Dat de aarde vóór 1850 misschien al iets is opgewarmd, is „een puur wetenschappelijke discussie”, zegt Carl-Friedrich Schleussner, die aan het Oostenrijkse onderzoeksinstituut IIASA een groep leidt die onderzoek doet naar impacts van klimaatverandering. Wat de twee auteurs in hun artikel doen is de baseline eerder leggen. „Dat is een puur methodologische keuze”, zegt Schleussner. Het betekent niet dat de doelstelling van het Parijs-akkoord eerder is bereikt. Dat gaat uit van de periode 1850-1900. De opwarming sindsdien blijft, ook in de nieuwe berekening, hetzelfde: 1,31°C.

Extra verwarring

Schleussner zegt dat de publicatie voor extra verwarring kan zorgen. Dat speelt sowieso al, omdat verschillende cijfers rondgaan. De World Meteorological Organization meldde afgelopen maart dat de opwarming eind 2023 was uitgekomen op 1,45°C. Terwijl de Amerikaanse ruimtevaartorganisatie NASA het getal 1,36°C noemde. De cijfers baseren zich op net iets andere berekeningen. En vaak zijn natuurlijke variaties, zoals het wel of niet optreden van een El Niño, ook meegenomen. Dat speelde vorig jaar bijvoorbeeld. Een El Niño heeft toen voor extra opwarming gezorgd – het oppervlak van de Grote Oceaan is dan relatief warm. Maar het is een natuurlijk proces, net als vulkaanuitbarstingen. Eigenlijk zou je dit soort effecten uit moeten filteren, om alleen de door de mens veroorzaakte opwarming over te houden.

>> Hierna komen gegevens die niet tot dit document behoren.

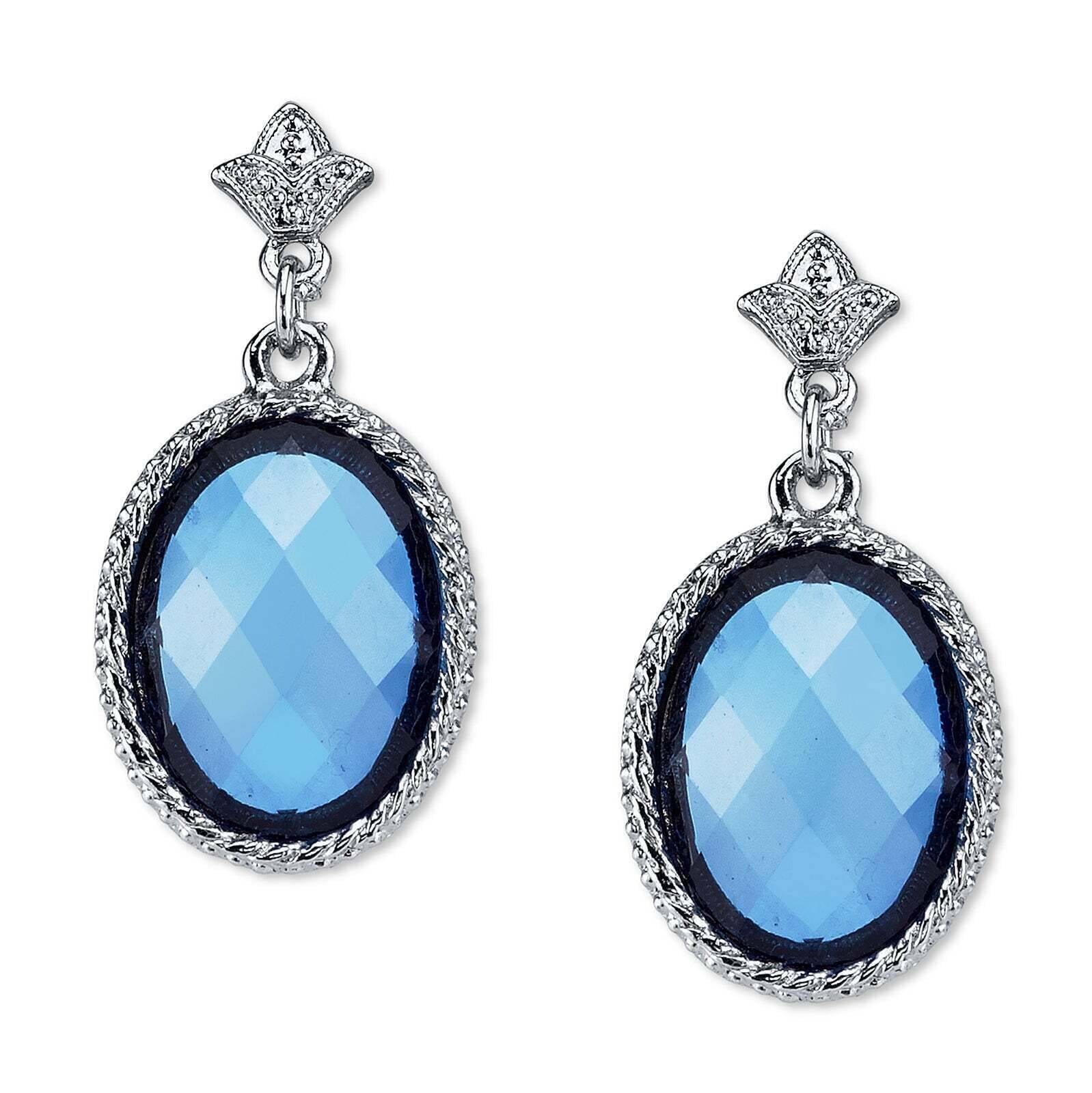 2028 Jewelry Oval Faceted Stone Floral Post Drop Earrings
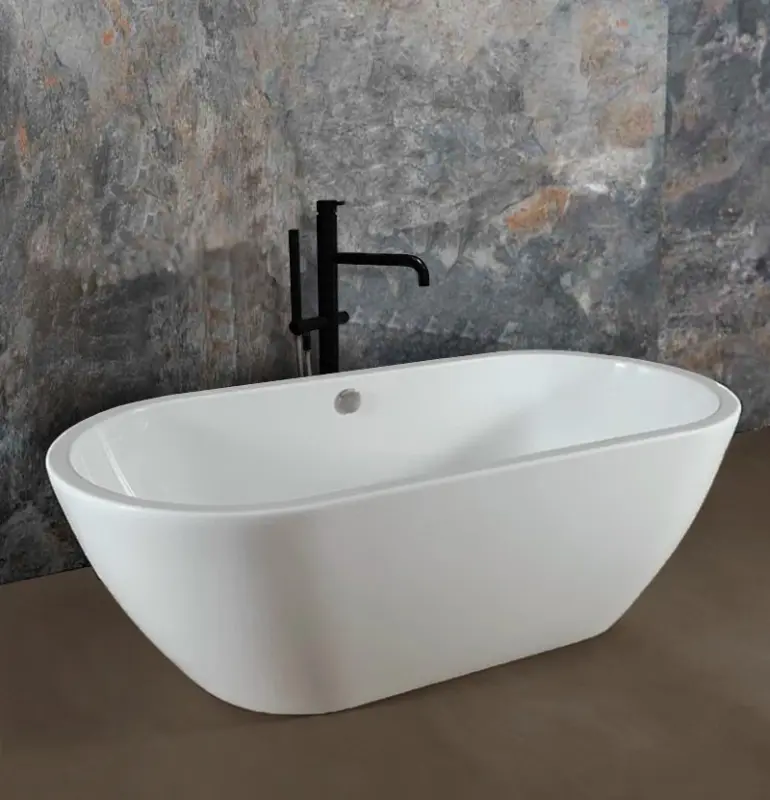 Waterevolution Flow wolnostojąca bateria wannowa z rączką natrysku czarna matowa T133PR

Die verwarring speelde ook vorige week weer. De Copernicus Climate Change Service, opgezet door de Europese Commissie, meldde dat de opwarming dit jaar hoogstwaarschijnlijk voor het eerst boven de 1,5°C uit zal komen. Maar ook bij dit cijfer is het effect van El Niño nog inbegrepen – het fenomeen hield aan tot juni.

Het IPCC brengt de door de mens veroorzaakte opwarming wel in kaart, maar doet dat slechts eens in de vijf, zes jaar. Daarom is twee jaar geleden een initiatief gestart dat jaarlijks alle indicatoren van klimaatverandering op een rij zet, waarbij ook de rol van de mens wordt uitgefilterd. Het initiatief wordt geleid door dezelfde Piers Forster die nu het korte artikel in Nature Geoscience heeft gepubliceerd.

Eind 2022 bedroeg de door de mens veroorzaakte opwarming 1,26°C ten opzichte van de periode 1850-1900, zo berekende Forster met een grote groep collega’s. Eind 2023 was het 1,31°C. Eind 2024 zal dit cijfer weer hoger liggen, omdat de concentratie broeikasgassen in de lucht blijft toenemen. Maar hoeveel hoger, dat blijft afwachten.